Bir süre sonra yürümek için takatim kalmamıştı. Yolun sonunda bir villa görünüyordu. Eğer oraya ulaşabilirsem içeride yaşayan birileri varsa onlardan yardım isteyebilirim diye düşünüyordum. Güç toplayabilmek için “dayanabilirim, yapabilirim, pes edemem” tarzı cümlelerle kendimi motive etmeye çalışıyordum. Yolun sonuna geldiğimde evdeki hiçbir ışığın yanmadığını fark ettim. Zaman kavramını kaybetmiştim. Umarım gecenin bir yarısıdır ve insanlar uyumuştur diye ümit ettim. Villanın girişine doğru yönlendirdim adımlarımı…
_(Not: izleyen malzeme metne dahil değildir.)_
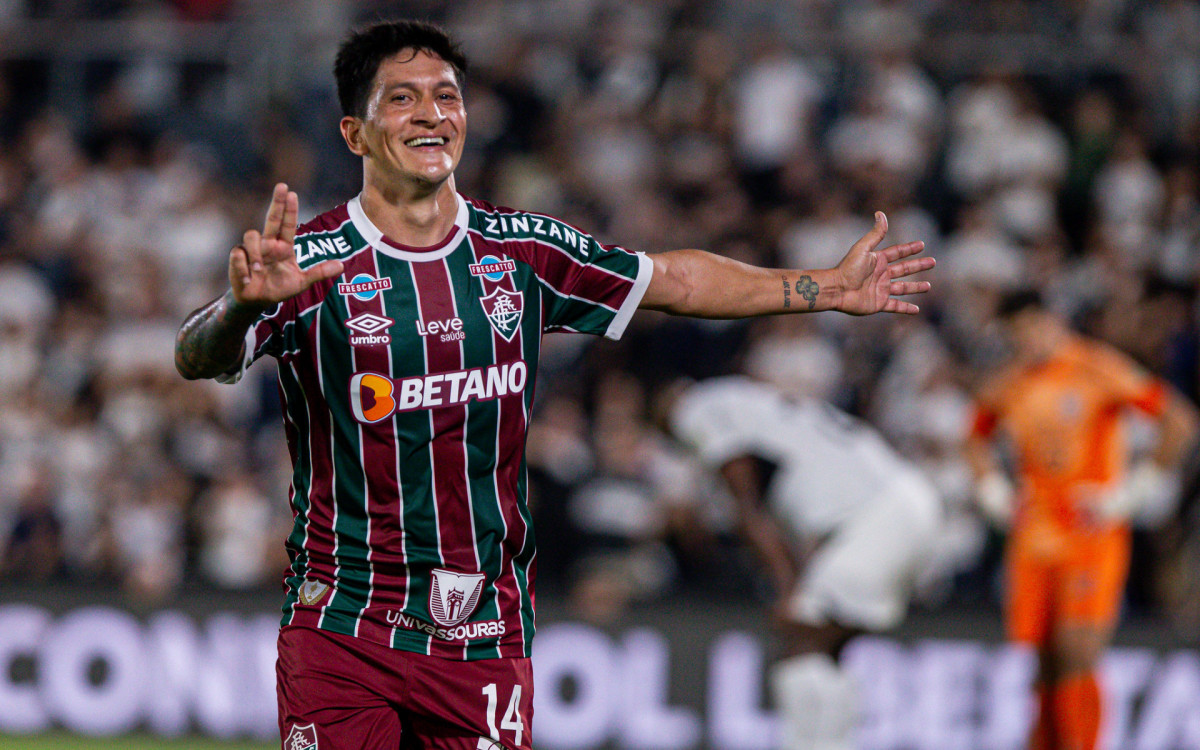 André prevê 'jogo mais difícil da temporada' para Fluminense e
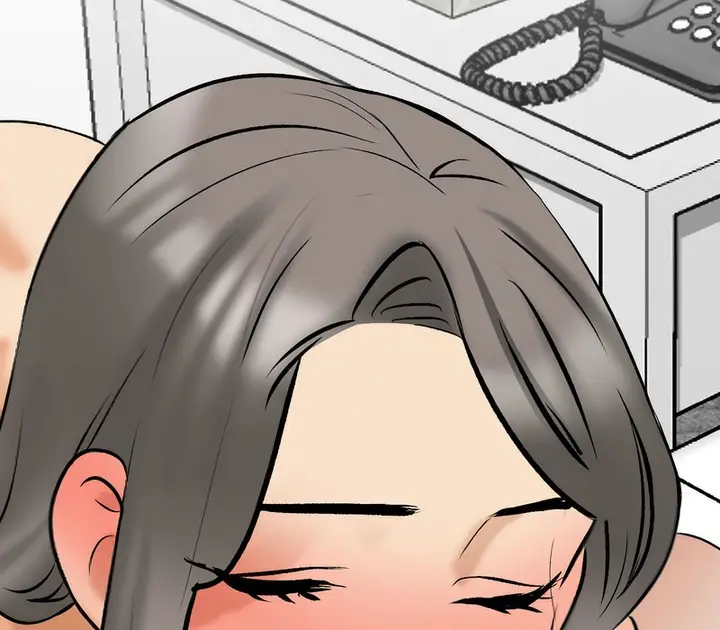 漫画《同事换换爱》第168话第81张图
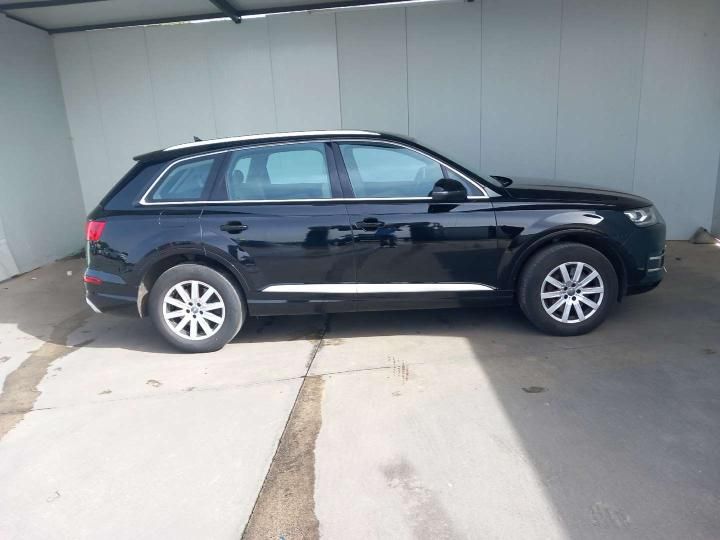 Photo 3 VIN: WAUZZZ4M2HD056134 - AUDI Q7 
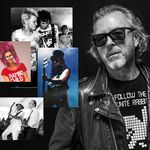Tony James - @tonyjamesworld - Instagram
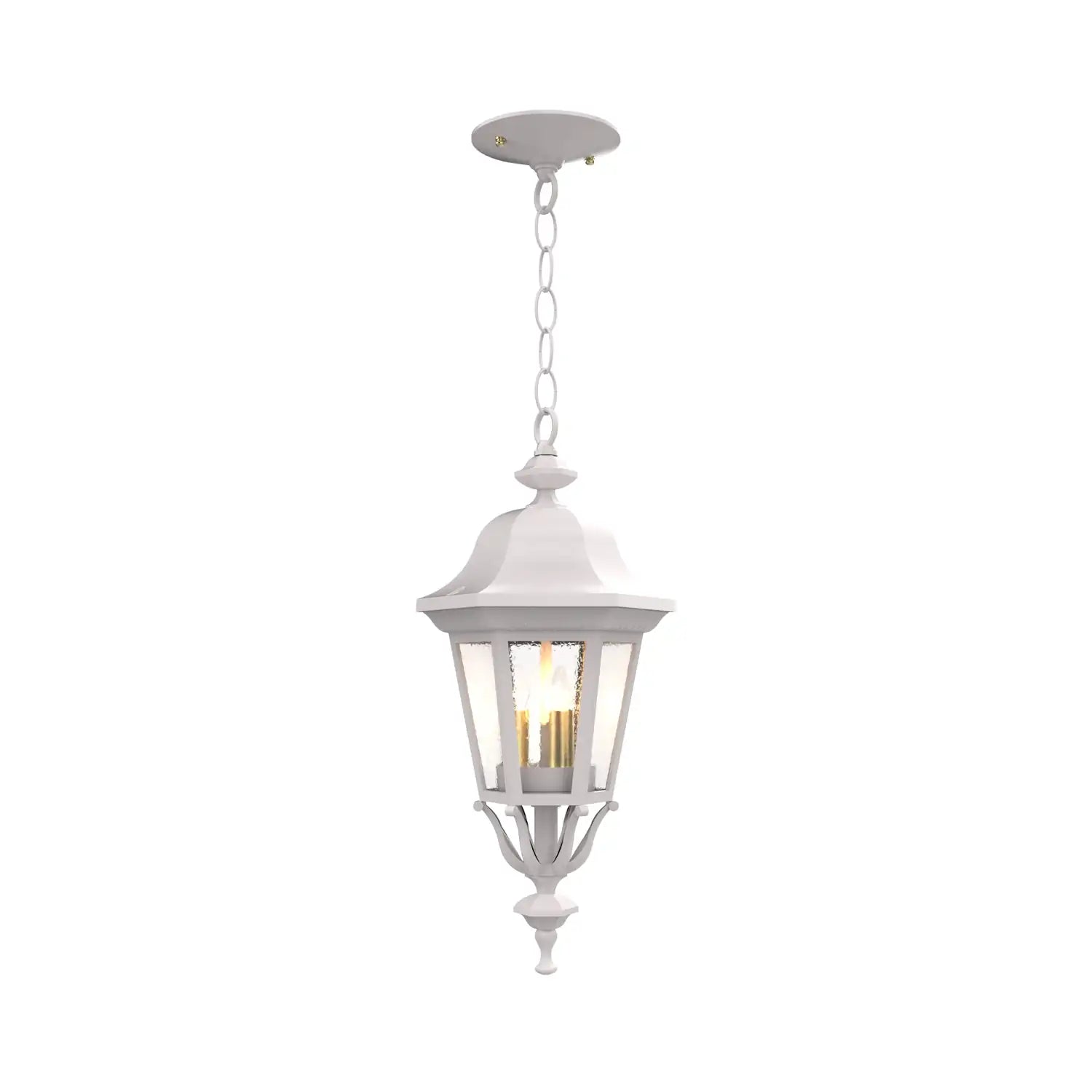SNOC, FLORENCE - CEILING MOUNTING WITH CHAIN SMALL FORMAT 13755, OUTDOOR CEILING LIGHT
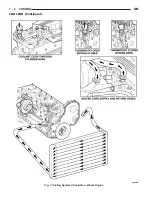 Предварительный просмотр 291 страницы Dodge dakota 2002 Service Manual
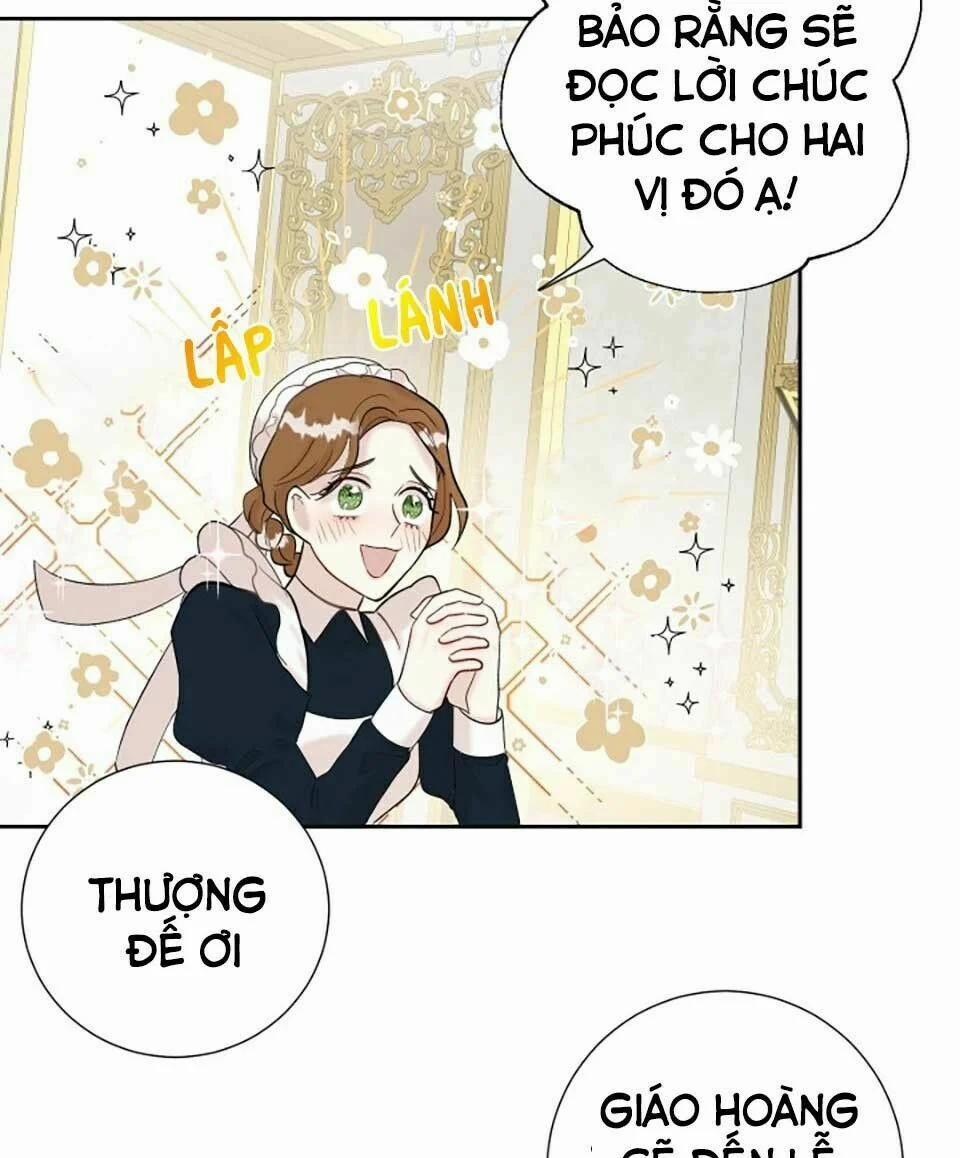 Xin Ngài Đừng Ăn Tôi 19 trang 42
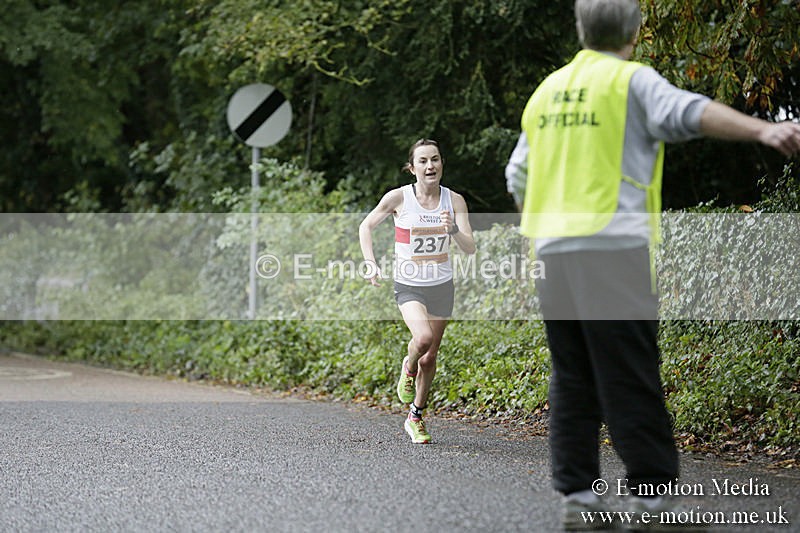 CAD131019-0566 - Cadence Events Grittleton 10km 13/10/19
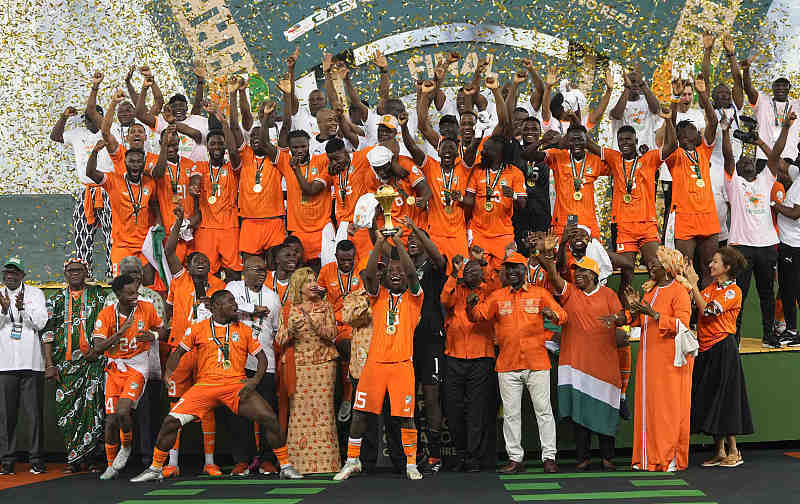 非洲杯爆冷！卫冕冠军小组赛惨遭淘汰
Gözlerimi kapatıp “Lütfen içeride birisi olsun” diye dua ederek kapının zilini çaldım. Bekledim,
bekledim. Uzun bir süre bekledikten sonra ümidimi keserek arkamı döneceğim sırada evdeki bir ışığın yandığını fark ettim. Tekrardan zile doğru yönelttim parmaklarımı. Diyafon ekranı açıldı. Soğuktan her tarafım buz tutmuştu. Mimiklerimi oynatabilecek halim kalmamıştı. “Yardımınıza ihtiyacım var.” diye fısıldadım. Karşı taraftaki kişi endişeli bir halde, “iyi misiniz?” diye seslendi. Hiçbir şekilde cevap verebilecek halim kalmamıştı. Ekrana dümdüz bakarak kafamı sağa sola sallayarak iyi olmadığımı belirtmeye çalıştım. Kapı yavaş bir şekilde sürüklenerek açılmaya başladı. Artık kendimi ayakta tutamıyordum. Bilincim kapanmaya başlamıştı.
***
Bilincim yavaş yavaş kendine doğru gelirken etrafta tabak sesleri geliyordu. Parmaklarımı yavaş yavaş oynattığım sırada birisi parmaklarımı tuttu. İçeri doğru ‘Baba’ diye bağırdı. Gözlerimi yavaş yavaş açıp etrafı kontrol ettim. Nerede olduğumu hatırlamıyordum. Kaçırılmış mıydım? Ah hadi ama bu olamazdı. Bu görevi hiçbir şekilde kanıt bırakmayarak tamamlamıştım. Gayet başarılıydı. Oturduğum koltuğun altında çantamı bıraktıklarını gördüm. Hızlı adımlarla doğrulup, çantaya uzandım. Silahım yoktu. Elbisemin kemerindeki gizli bıçağı çıkardım. Elimin altına saklayarak içeriye doğru adımladım.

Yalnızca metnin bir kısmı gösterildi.